* _WORK ORDER_
Please take the lines from the one holding "New 2026 Ford" through the one holding "Conheça o spa" in the data below and copy them exactly.
***** THE INPUT
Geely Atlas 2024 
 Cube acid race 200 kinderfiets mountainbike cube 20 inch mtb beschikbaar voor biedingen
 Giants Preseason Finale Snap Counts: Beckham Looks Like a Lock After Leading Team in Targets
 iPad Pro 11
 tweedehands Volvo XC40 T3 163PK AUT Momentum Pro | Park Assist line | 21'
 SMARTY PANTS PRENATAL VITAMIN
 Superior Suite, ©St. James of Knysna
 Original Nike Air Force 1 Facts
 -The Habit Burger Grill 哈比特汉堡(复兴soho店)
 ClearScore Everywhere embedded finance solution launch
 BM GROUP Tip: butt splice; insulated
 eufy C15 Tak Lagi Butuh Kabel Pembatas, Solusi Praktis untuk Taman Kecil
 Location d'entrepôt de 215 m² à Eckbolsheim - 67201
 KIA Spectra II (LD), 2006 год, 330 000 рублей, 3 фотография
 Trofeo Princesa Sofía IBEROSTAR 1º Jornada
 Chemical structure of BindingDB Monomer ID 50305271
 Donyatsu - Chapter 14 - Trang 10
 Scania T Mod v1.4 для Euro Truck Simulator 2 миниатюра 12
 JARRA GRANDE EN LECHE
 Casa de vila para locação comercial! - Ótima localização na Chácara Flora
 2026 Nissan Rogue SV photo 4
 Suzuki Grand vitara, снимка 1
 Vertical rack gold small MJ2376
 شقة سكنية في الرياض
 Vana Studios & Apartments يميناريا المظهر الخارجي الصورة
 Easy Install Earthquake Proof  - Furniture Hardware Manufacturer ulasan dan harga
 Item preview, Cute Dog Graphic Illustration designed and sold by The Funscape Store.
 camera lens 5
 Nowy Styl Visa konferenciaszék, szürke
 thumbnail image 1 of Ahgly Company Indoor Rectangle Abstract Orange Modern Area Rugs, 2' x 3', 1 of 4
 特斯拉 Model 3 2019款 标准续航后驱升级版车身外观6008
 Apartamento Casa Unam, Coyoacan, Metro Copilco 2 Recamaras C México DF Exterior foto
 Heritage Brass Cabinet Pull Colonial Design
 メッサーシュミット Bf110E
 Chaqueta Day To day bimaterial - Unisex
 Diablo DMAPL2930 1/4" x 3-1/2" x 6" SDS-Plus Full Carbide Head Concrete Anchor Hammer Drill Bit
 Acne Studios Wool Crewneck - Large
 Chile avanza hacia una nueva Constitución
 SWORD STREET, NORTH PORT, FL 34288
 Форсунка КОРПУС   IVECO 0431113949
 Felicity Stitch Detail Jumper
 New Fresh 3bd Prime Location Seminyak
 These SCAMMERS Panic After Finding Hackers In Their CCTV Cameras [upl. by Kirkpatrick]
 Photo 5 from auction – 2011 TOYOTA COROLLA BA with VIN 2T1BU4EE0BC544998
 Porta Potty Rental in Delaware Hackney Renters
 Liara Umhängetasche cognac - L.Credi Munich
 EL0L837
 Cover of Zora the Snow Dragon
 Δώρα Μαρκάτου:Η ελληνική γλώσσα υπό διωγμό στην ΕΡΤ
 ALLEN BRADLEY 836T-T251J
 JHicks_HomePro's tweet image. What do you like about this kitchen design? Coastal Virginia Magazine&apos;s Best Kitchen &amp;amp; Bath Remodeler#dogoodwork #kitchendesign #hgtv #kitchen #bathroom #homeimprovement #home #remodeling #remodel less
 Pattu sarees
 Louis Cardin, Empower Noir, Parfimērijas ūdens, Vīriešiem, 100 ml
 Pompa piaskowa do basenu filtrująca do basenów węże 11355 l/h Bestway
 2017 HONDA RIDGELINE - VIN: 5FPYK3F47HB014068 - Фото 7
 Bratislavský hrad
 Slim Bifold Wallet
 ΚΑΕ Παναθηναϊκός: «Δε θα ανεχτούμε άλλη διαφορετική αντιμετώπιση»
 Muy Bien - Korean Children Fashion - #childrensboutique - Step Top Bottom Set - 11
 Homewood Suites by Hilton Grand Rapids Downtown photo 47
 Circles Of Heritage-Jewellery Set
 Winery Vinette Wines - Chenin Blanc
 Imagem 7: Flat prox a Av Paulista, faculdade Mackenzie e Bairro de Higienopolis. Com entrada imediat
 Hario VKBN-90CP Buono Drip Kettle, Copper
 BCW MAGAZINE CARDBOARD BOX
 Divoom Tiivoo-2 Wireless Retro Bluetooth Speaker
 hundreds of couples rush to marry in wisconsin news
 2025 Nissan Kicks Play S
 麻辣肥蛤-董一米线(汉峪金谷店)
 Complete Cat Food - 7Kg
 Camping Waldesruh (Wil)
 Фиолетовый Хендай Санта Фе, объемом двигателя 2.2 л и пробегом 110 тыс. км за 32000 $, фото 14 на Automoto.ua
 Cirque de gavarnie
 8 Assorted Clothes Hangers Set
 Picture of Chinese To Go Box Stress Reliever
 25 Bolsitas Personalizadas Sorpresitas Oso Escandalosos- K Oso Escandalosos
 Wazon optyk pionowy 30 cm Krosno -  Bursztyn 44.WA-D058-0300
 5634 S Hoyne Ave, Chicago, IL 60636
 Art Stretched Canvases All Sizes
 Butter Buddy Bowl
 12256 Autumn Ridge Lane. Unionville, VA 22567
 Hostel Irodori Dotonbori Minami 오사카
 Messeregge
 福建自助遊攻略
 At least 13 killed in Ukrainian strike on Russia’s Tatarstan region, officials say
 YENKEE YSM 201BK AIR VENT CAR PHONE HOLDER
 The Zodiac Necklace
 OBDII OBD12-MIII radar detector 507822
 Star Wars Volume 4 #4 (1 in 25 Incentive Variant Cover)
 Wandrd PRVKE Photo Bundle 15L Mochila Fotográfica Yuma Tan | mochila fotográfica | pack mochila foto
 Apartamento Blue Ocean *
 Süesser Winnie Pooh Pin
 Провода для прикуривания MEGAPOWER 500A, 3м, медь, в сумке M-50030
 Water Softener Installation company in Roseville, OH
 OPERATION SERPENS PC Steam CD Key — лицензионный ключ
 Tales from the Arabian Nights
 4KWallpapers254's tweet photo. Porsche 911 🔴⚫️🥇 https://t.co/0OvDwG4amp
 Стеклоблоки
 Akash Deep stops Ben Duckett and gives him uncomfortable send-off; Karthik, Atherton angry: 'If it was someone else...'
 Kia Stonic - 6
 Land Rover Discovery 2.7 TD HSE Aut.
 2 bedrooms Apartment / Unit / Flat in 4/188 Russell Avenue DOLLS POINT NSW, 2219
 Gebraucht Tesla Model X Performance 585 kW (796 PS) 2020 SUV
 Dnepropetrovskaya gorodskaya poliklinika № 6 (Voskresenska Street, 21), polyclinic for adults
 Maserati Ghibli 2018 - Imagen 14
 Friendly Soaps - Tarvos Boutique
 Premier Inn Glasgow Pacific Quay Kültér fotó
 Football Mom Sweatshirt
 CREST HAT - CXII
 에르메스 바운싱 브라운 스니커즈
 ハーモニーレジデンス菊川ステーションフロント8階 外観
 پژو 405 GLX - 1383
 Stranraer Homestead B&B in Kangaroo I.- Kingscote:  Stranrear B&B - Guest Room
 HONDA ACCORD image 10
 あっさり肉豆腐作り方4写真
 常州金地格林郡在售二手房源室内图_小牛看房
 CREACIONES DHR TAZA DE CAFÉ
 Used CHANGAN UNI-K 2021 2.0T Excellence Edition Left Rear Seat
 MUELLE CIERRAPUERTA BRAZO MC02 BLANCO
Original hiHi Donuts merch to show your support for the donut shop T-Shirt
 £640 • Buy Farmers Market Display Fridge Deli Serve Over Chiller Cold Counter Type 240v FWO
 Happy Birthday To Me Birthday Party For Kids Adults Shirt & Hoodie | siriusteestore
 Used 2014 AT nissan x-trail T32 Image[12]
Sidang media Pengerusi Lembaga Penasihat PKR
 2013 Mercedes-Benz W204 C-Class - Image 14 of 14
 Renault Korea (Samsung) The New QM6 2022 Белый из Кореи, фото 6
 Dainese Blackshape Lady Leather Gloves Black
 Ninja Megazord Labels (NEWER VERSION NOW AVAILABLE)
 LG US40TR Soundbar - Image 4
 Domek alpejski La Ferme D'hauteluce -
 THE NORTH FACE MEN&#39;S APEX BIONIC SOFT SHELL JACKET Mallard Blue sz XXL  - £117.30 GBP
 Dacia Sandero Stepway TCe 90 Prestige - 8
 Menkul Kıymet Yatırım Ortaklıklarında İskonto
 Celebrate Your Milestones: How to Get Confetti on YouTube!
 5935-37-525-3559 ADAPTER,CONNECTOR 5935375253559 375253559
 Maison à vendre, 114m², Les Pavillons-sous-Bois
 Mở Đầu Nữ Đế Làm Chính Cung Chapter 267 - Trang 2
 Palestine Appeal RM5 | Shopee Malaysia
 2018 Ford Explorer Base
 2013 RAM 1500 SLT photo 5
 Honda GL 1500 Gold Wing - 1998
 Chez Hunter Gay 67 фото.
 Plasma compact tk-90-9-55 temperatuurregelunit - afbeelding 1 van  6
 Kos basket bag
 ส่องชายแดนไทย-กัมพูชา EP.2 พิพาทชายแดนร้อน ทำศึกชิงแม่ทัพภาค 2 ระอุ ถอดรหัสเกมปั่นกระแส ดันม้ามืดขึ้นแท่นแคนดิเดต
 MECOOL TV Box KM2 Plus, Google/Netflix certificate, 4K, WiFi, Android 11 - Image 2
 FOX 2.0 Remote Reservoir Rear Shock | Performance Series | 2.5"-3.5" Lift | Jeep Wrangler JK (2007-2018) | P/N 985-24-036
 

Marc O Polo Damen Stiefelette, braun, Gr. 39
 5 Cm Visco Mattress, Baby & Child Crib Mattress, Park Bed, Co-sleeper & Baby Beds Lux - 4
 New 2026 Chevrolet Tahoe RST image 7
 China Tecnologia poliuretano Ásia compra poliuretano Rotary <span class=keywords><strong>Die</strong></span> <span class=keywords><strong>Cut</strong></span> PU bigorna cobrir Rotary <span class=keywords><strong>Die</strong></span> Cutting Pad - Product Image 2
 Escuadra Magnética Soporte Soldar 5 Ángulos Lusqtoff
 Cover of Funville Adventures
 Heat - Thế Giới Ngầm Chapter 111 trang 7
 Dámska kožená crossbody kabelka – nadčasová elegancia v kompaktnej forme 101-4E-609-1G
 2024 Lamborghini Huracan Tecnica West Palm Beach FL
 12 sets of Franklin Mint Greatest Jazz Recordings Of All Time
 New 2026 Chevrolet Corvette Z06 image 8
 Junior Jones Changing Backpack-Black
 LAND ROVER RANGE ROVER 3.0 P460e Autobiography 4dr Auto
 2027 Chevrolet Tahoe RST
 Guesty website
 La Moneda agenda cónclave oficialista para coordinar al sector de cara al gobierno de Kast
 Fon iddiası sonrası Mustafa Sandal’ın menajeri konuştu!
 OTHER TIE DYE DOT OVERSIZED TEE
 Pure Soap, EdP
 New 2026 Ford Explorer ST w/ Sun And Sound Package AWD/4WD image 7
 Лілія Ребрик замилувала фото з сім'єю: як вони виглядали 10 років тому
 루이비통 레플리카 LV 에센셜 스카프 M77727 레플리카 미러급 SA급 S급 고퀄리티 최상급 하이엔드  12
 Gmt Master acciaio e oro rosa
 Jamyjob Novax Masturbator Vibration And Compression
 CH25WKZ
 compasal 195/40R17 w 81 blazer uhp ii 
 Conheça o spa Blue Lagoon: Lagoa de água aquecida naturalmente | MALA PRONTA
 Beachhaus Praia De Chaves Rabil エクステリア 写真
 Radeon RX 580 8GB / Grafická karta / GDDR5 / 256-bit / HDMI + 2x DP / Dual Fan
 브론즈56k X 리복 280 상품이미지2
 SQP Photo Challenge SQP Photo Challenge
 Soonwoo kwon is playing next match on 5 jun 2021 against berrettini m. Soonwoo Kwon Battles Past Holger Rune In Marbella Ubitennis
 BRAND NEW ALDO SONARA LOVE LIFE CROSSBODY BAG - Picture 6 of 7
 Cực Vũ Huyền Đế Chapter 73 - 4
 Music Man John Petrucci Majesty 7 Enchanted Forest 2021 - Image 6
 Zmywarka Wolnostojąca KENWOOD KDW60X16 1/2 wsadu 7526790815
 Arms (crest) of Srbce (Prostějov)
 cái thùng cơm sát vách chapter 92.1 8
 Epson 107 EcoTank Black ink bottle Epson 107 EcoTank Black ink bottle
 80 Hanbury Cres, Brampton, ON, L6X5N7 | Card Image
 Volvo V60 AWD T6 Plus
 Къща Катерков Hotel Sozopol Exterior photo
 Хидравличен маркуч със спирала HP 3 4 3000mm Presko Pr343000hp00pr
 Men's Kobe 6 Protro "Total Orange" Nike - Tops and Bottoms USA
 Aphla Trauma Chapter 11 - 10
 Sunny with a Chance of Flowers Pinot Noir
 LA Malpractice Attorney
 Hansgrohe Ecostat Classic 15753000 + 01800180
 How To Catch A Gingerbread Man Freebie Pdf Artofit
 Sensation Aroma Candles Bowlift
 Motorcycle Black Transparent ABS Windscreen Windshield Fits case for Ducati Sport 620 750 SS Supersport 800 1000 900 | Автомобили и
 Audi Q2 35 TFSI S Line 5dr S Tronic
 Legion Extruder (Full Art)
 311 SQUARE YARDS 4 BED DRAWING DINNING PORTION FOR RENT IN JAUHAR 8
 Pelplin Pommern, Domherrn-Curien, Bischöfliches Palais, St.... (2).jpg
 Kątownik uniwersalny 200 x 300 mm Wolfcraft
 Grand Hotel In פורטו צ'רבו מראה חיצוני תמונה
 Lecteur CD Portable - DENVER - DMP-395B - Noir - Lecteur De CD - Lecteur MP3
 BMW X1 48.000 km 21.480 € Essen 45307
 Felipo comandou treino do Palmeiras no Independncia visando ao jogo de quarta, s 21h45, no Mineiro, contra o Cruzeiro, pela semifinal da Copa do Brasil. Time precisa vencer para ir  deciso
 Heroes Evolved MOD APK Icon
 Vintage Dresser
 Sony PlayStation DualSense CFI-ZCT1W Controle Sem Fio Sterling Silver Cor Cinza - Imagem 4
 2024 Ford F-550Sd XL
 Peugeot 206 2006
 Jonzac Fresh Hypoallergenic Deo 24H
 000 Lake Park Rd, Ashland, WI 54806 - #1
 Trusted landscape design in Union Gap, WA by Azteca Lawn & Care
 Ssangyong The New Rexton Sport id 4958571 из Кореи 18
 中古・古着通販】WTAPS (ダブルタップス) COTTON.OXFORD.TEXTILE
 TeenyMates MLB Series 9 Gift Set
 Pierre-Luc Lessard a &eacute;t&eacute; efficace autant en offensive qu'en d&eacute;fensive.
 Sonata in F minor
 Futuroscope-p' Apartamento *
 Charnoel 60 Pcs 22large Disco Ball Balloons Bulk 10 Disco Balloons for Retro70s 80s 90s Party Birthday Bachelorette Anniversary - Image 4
**********
* _SOLVED EXERCISE_
 New 2026 Ford Explorer ST w/ Sun And Sound Package AWD/4WD image 7
 Лілія Ребрик замилувала фото з сім'єю: як вони виглядали 10 років тому
 루이비통 레플리카 LV 에센셜 스카프 M77727 레플리카 미러급 SA급 S급 고퀄리티 최상급 하이엔드  12
 Gmt Master acciaio e oro rosa
 Jamyjob Novax Masturbator Vibration And Compression
 CH25WKZ
 compasal 195/40R17 w 81 blazer uhp ii 
 Conheça o spa Blue Lagoon: Lagoa de água aquecida naturalmente | MALA PRONTA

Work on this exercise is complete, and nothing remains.